Les médecins devenus des employés ne disposent plus de la maîtrise de leurs outils de travail et ne pèsent plus sur les orientations stratégiques. Les nouvelles structures ainsi rentabilisées peuvent alors être revendues, notamment à des fonds de pension.

Ce mouvement est en voie de consolidation pour les laboratoires de biologie, où six groupes contrôlent plus de 60 % du marché, et pour les cliniques privées, où quatre groupes détiennent plus de la moitié de l’hospitalisation privée. Il est avancé pour les maisons de retraite ; il est en cours chez les dentistes et les radiologues ; il débute dans le secteur des soins primaires.

Il existait pourtant un véritable obstacle à la financiarisation de la santé : le fait que les professionnels soient les seuls à pouvoir diriger des structures de soins, en vertu d’une réglementation spécifique (loi du 13 juillet 1975, article L753-760). Les groupes financiers ont réussi, par un lobbying actif, à faire évoluer le droit européen de propriété (décision de la Cour de justice du 16 décembre 2010), en permettant à des apporteurs de capitaux non soignants de prendre le contrôle de la production de soins.

De ce processus l’Etat et le conseil de l’ordre ont été les complices, volontaires ou involontaires, et l’administration, souvent dépassée par la complexité des montages juridiques, a réagi tardivement ou à contretemps. Le droit comme instrument-clé de la financiarisation de l’économie, comme l’a montré Katharina Pistor dans son ouvrage Le Code du capital (Seuil, 2023), vaut aussi pour la santé.
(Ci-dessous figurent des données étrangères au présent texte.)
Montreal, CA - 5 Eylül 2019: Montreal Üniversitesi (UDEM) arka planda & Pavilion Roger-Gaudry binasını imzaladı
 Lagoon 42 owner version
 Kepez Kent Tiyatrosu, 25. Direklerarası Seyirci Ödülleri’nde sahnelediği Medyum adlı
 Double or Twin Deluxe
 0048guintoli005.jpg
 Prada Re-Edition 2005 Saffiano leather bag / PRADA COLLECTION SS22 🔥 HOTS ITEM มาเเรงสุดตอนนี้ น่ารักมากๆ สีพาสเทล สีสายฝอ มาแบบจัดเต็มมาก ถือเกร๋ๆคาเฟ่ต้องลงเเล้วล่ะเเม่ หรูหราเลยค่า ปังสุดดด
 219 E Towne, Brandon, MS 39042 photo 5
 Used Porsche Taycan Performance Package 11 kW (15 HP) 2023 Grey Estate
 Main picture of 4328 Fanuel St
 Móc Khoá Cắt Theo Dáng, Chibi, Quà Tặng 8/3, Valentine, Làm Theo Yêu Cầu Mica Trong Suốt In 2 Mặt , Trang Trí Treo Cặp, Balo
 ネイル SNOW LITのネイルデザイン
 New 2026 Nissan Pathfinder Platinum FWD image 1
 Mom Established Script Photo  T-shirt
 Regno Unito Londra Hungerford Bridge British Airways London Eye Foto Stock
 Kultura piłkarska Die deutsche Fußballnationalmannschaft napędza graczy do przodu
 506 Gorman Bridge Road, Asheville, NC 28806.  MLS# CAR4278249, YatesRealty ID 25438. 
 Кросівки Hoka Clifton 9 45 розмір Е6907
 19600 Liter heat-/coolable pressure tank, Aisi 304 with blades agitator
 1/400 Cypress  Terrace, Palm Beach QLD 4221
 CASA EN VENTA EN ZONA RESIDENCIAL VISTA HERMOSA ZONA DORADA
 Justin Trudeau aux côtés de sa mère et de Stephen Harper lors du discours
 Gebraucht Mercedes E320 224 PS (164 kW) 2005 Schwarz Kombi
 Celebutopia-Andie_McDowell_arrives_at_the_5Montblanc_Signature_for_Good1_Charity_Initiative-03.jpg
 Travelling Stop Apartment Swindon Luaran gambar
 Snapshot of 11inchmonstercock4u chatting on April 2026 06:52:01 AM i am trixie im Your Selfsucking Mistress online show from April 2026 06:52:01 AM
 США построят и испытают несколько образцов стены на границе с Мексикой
Comme cette financiarisation est à l’origine de la croissance des inégalités, nul doute que les inégalités de santé, et notamment celles qui sont relatives à l’accès aux soins, vont croître, car le capital n’investit que là où c’est rentable ou rentabilisable. Ces groupes sélectionnent leurs activités, poussent à la multiplication d’actes non pertinents médicalement mais rentables financièrement, obligent les patients à payer un surcoût non remboursé par l’Assurance-maladie, voire dégradent la qualité des soins (cf. le scandale Orpea).

Le capital poursuit sa marche
Abus d’autant plus scandaleux que l’Assurance-maladie rembourse majoritairement les soins. Ce qui conduit à une socialisation des risques et à une privatisation des profits.

Les soins primaires sont sa dernière cible. Jusqu’à présent, les syndicats de médecins libéraux se sont montrés incapables de repenser les pratiques, les rémunérations et l’organisation territoriale de la santé. Le capital tire profit de ce statu quo pour poursuivre sa marche. Si le rachat avorté des centres de santé de la Croix-Rouge par Ramsay constitue un échec, il est d’autres initiatives plus modestes qui avancent à bas bruit, comme Ipso Santé soutenu par Citizen Capital.

Un groupe d’investisseurs propose à des professionnels de ville, sous réserve de reverser une partie de leurs honoraires, de travailler en équipe en leur offrant de bénéficier d’un système d’information spécifique et de l’appui de gestionnaires leur permettant de dégager du « temps médical ». On a vu ce qu’il advenait de telles « alliances » dans le cas des cliniques privées.

La financiarisation du système de soins n’est pourtant pas inéluctable, mais à la condition que les médecins et les autres professionnels de santé, en lien avec les représentants des usagers-malades, aient la volonté de négocier un nouveau compromis avec l’Assurance-maladie et l’Etat pour proposer une refondation globale du système de santé assurant l’accès de tous, et sur tout le territoire, à des soins de qualité au tarif conventionnel (sans dépassement d’honoraires), appliquant le principe du juste soin pour le patient au moindre coût pour la collectivité, et développant la prévention individuelle et collective. Le nouveau Conseil national de la refondation aurait pu en être l’occasion, mais ne semble plus d’actualité.

François Bourdillon, ancien directeur général de Santé publique France ; André Grimaldi, professeur émérite CHU Pitié-Salpêtrière ; Michka Naiditch, médecin de santé publique.